Ellipse integral.png

I get that it's symmetric to on both axes but I don't know how to put it all together in my head.

Sorry for the dumb question. Thank you.
 
Hi.
Do you understand why the author chose the positive expression for y? Why the interval of integration is between 0 and a?
 
Look at the given diagram. Is it not clear to you that the blue area is one-fourth of the area of the ellipse?
Does \(\displaystyle\int_0^a {\frac{b}{a}\sqrt {{a^2} - {x^2}} dx} \) give the blue area?
 
There is no integral of an ellipse equation.

You could have integrated from -a to a and gotten 1/2 the area of the ellipse.
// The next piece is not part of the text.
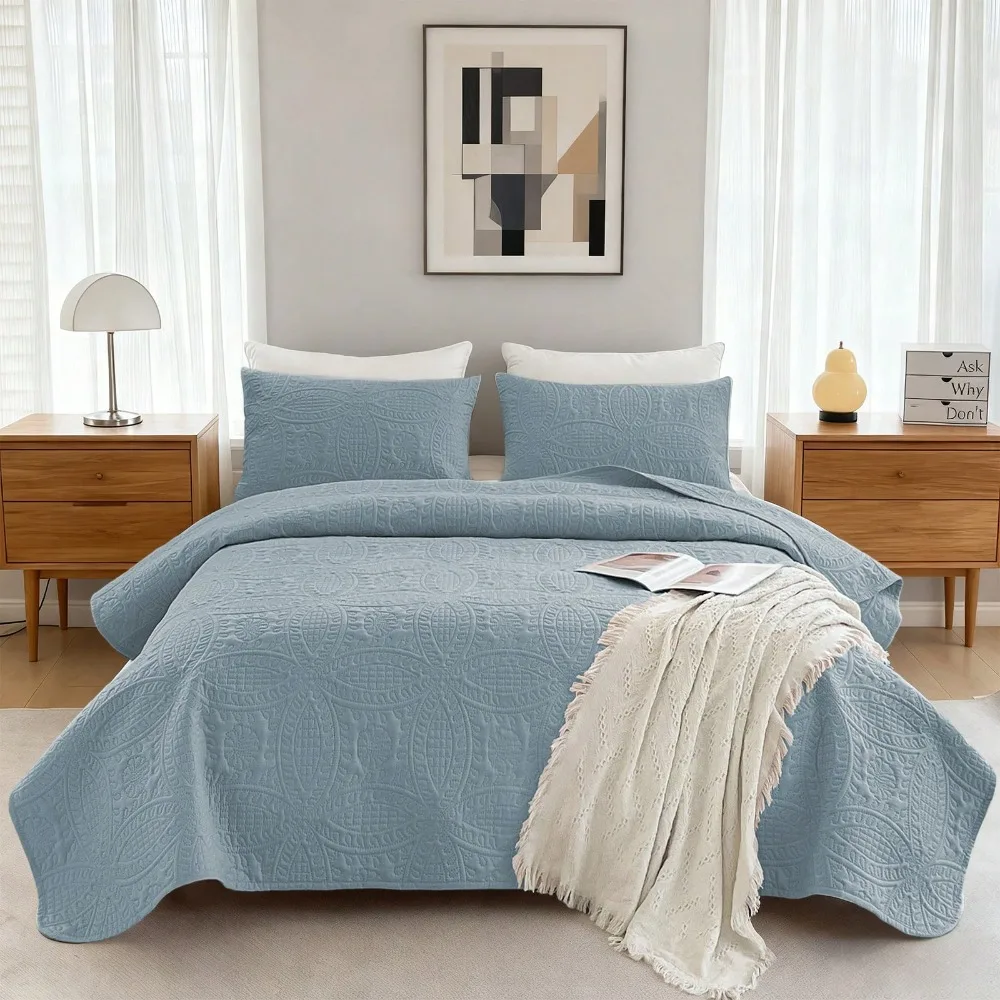 

100% Pure Cotton Copper Coin Pattern Bedspread Set, Super Soft And Lightweight. Available In Three Sizes: Extra Large, Medium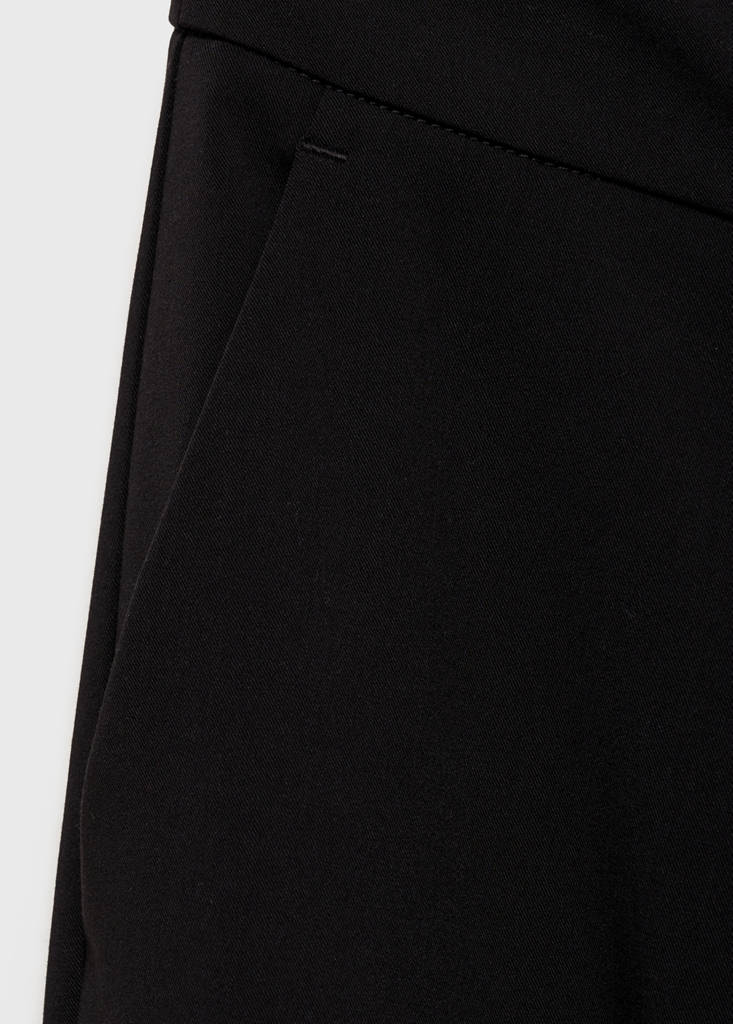 Straight-fit pleated trousers — Black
You need to understand what the limits of an integral mean and what the integrand means. When you learn that then and only then will you understand the answer to your question.
 
The first problem is that the equation of an ellipse does not describe a function. Remember the vertical line test from 9th grade? And we integrate functions. If we go

[MATH]\dfrac{x^2}{a^2} + \dfrac{y^2}{b^2} = 1 \implies y^2 = b^2 - \dfrac{b^2x^2}{a^2} = \dfrac{a^2b^2}{a^2} - \dfrac{b^2x^2}{a^2} \implies \\ y^2 = \dfrac{b^2}{a^2} * (a^2 - x^2 ) \implies\\ y = \text {PLUS or MINUS } \dfrac{b}{a} * \sqrt{a^2 - x^2}.[/MATH]You cannot integrate that because it is not a function; insert a value for x, and you get two possible values for y. So you have to pick one or the other as the function to integrate. One will give you an area above the x-axis. The other will give you an area below the x-axis.
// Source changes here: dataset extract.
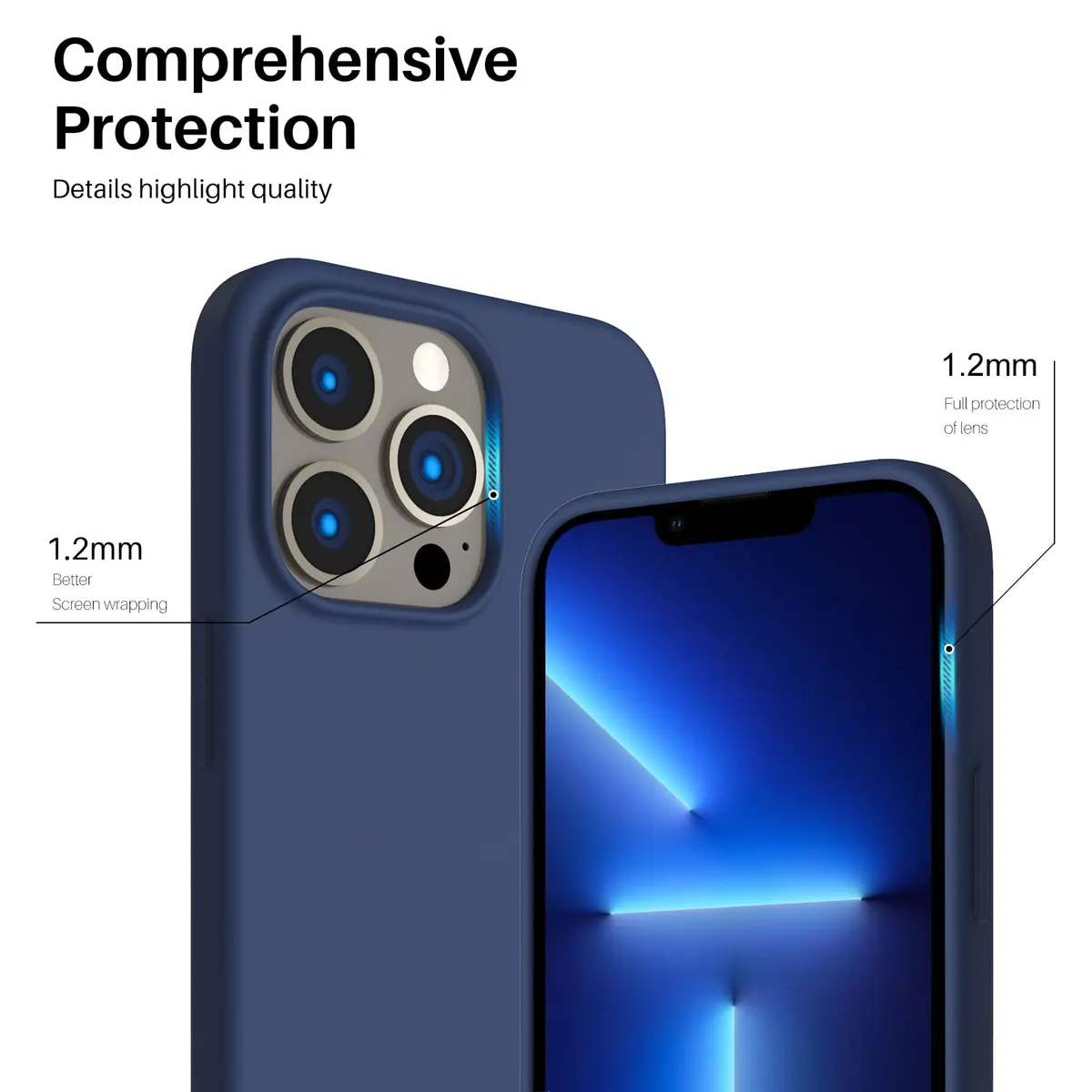 ORNARTO Liquid Silicone Case for iPhone 13 Pro 6.1-inch | Slim Fit with Microfiber Lining - view 4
Now, whichever area you choose, you can set the limits of integration from - a to + a. And multiply by 2. Or you can set the limits of integration from 0 to a and multiply by 4. Which do you think is easier?
 
pka said:
Look at the given diagram. Is it not clear to you that the blue area is one-fourth of the area of the ellipse?
Does \(\displaystyle\int_0^a {\frac{b}{a}\sqrt {{a^2} - {x^2}} dx} \) give the blue area?
Click to expand...
Yeah I see that but I'm having trouble understanding why it's not the entire ellipse. It feels super close to me I just can't wrap my mind around it.
 
Jomo said:
There is no integral of an ellipse equation.

You could have integrated from -a to a and gotten 1/2 the area of the ellipse.
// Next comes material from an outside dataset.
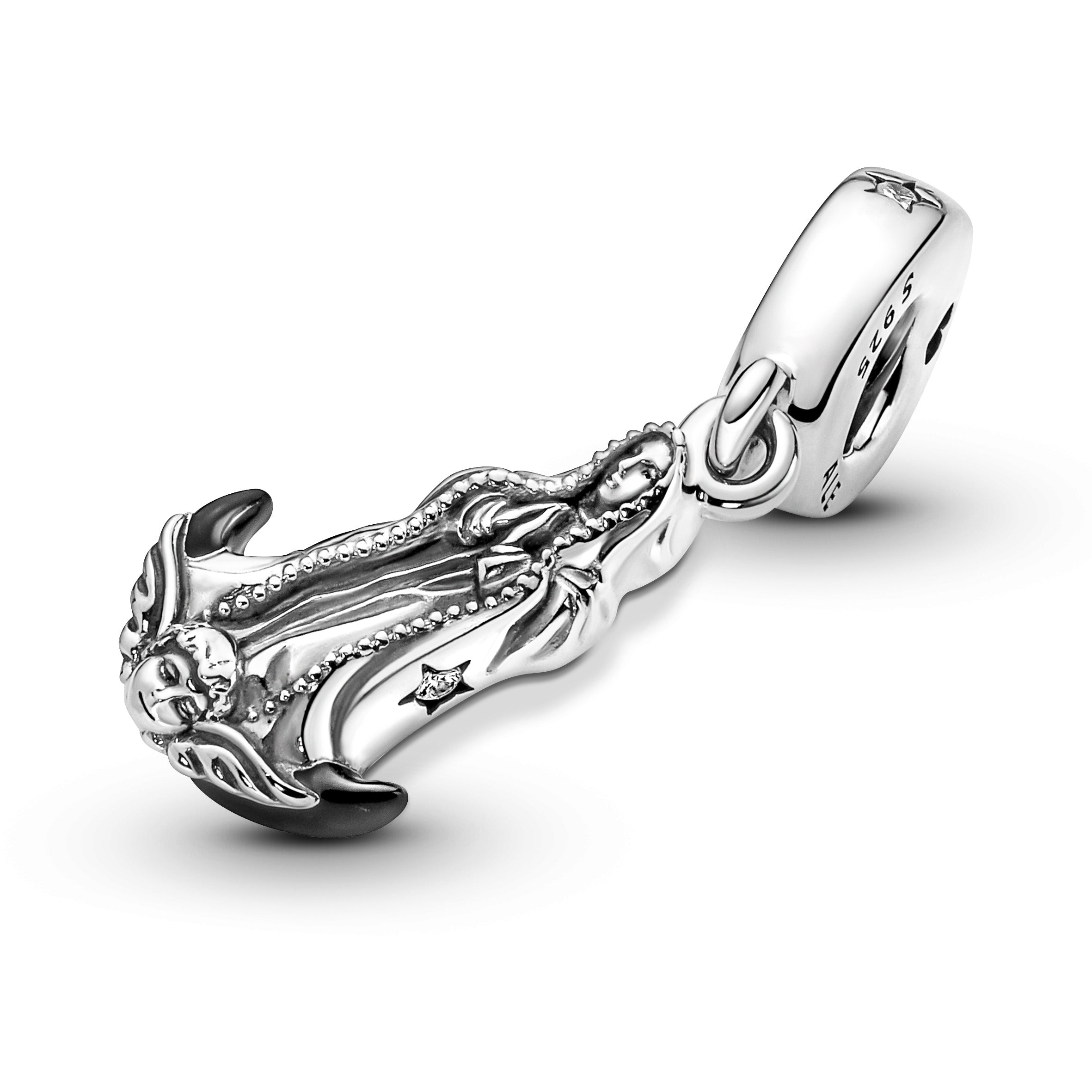 Virgin Of Guadalupe Sterling Silver Dangle With Clear Cubic Zirconia And Black Enamel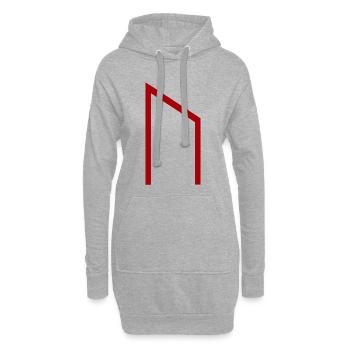 Rune Uruz Rouge – Viking Futhark Norse - Sweat-shirt à capuche long Femme - gris chiné - Devant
You need to understand what the limits of an integral mean and what the integrand means. When you learn that then and only then will you understand the answer to your question.
Click to expand...
So why did the author choose 0 to a?
 
JeffM said:
The first problem is that the equation of an ellipse does not describe a function. Remember the vertical line test from 9th grade? And we integrate functions. If we go

[MATH]\dfrac{x^2}{a^2} + \dfrac{y^2}{b^2} = 1 \implies y^2 = b^2 - \dfrac{b^2x^2}{a^2} = \dfrac{a^2b^2}{a^2} - \dfrac{b^2x^2}{a^2} \implies \\ y^2 = \dfrac{b^2}{a^2} * (a^2 - x^2 ) \implies\\ y = \text {PLUS or MINUS } \dfrac{b}{a} * \sqrt{a^2 - x^2}.[/MATH]You cannot integrate that because it is not a function; insert a value for x, and you get two possible values for y. So you have to pick one or the other as the function to integrate. One will give you an area above the x-axis. The other will give you an area below the x-axis.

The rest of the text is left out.